§ Task instructions
A verbatim copy of the listing is what is needed, minus any pictures.

§ Recorded data
- - - -
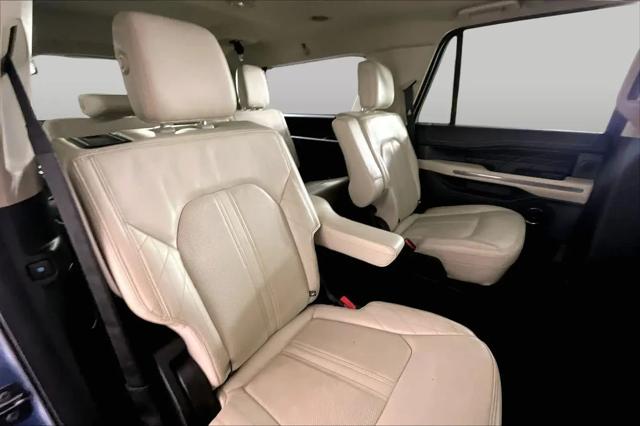 2019 Ford Expedition Max Platinum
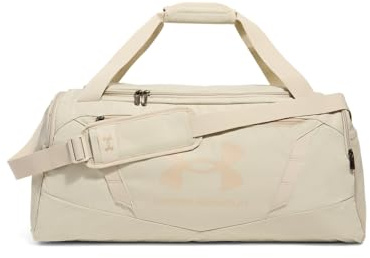 UA Undeniable 5.0 Duffle MD - Khaki Base/City Khaki/City Khaki - OSFM, Khaki Base/City Khaki/City Khaki, One Size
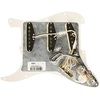 Fender Original 57/62 Prewired Stratocaster Pickguard – 3-Ply Black(Tortoise)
- - - -
§ Reply to the task
 2019 Ford Expedition Max Platinum
 UA Undeniable 5.0 Duffle MD - Khaki Base/City Khaki/City Khaki - OSFM, Khaki Base/City Khaki/City Khaki, One Size
 Fender Original 57/62 Prewired Stratocaster Pickguard – 3-Ply Black(Tortoise)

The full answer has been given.